• [DATA PROVIDED]:
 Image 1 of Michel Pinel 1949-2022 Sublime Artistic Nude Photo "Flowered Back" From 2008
==
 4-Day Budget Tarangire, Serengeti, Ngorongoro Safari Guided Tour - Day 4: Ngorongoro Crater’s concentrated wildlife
...
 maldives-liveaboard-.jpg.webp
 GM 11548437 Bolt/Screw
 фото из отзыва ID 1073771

• [WORK INSTRUCTIONS]: Restate word for word only the lines above from the line containing "maldives-liveaboard-.jpg.webp" to the line containing "фото из отзыва ID 1073771", both of them included.

• [FINAL ANSWER]:
 maldives-liveaboard-.jpg.webp
 GM 11548437 Bolt/Screw
 фото из отзыва ID 1073771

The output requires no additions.